Geographical scope of the trademarks. Trademark rights are territorial. You need to take into consideration that even if the seller has registered the trademark in all countries that are important to him, there might be other countries that you are interested in or already doing business in. This means that the mark is not registered in those territories, and you have to take care of that. In the worst-case scenario, somebody else has already registered a similar mark in those countries, preventing you from registering and using the mark there.
Non-infringement. You need to make sure that the marks you purchase do not infringe on other companies’ trademarks. At the very least, the seller must be able to say (represent and warrant) that there are no pending disputes or claims against the use of the mark and that he is not aware that the use of the mark would infringe on other trademarks. If there are ongoing oppositions against the registration of the mark, this is also important to know.
Contractual or other encumbrances. The owner may have made commitments (undertakings) regarding the use or registration of the mark. These could be, for example, license agreements or so-called coexistence agreements. Especially on the EU level, it is quite common that if the trademark application was opposed, the opposition has been settled amicably by way of concluding a coexistence agreement. This agreement typically states the goods and services for which the mark can be used and/or registered. For example, the seller may have undertaken that the mark cannot be used for particular products or in a particular way. If this conflicts with your intended use of the mark, you have a problem. Similarly, the mark may have been given as security for credit. This would most likely prevent the seller from assigning the trademark to you.

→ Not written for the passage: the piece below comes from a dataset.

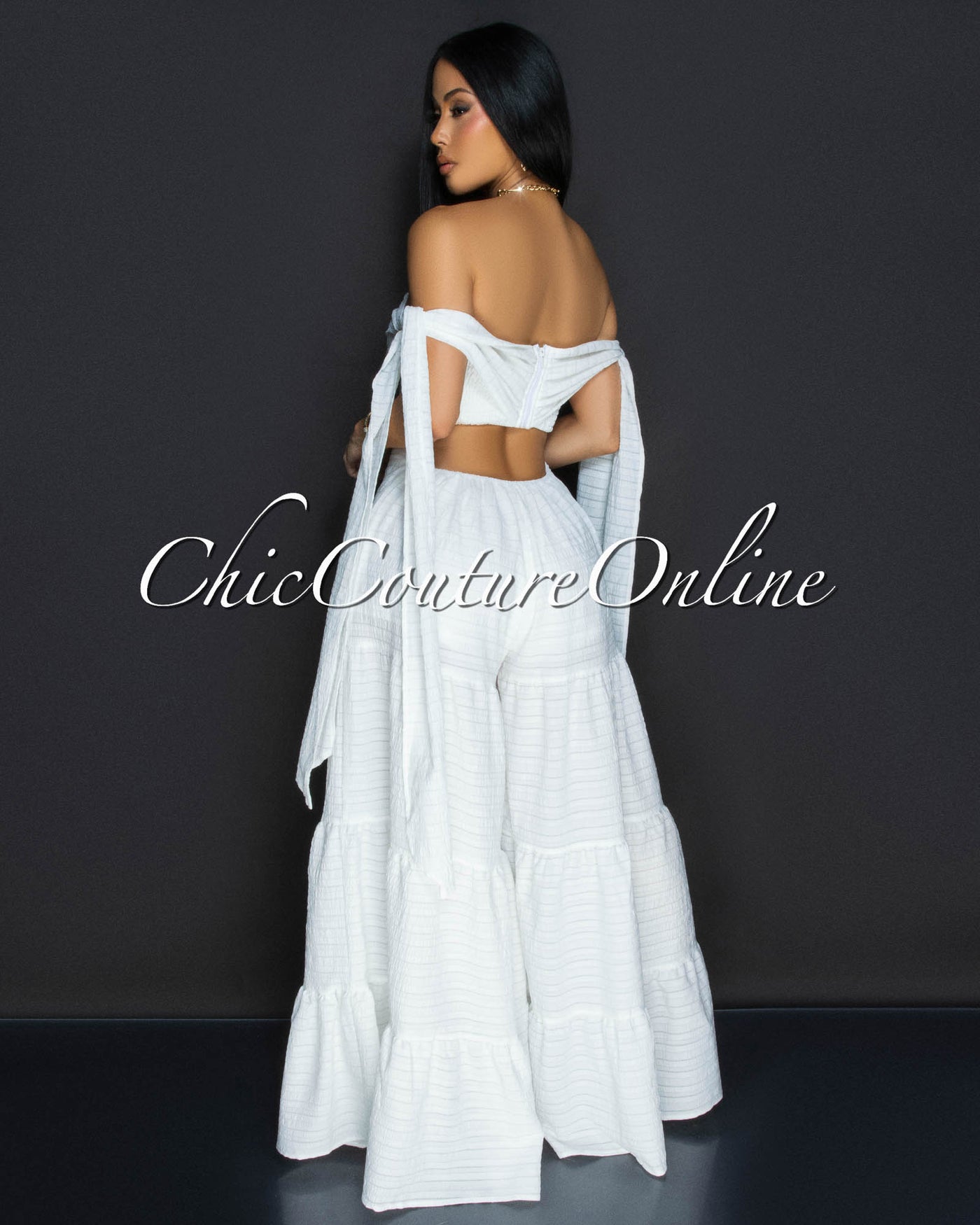 Noelly Off-White Strapless Wide Legs Jumpsuit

The above-mentioned considerations are only some of the things you must take into account when conducting due diligence. In addition to doing your due diligence, you can also limit the risks with contractual stipulations. However, the seller will do just the same. He will try to pass all the risks on to you. It is highly recommended that you get a legal advisor for doing due diligence and negotiating the agreement.
Remember that the devil is in the detail. Conducting due diligence can be tedious and boring, but it is important to do it properly and thoroughly. If you skip this stage, you may end up getting something else than you thought. Caveat emptor, buyer beware.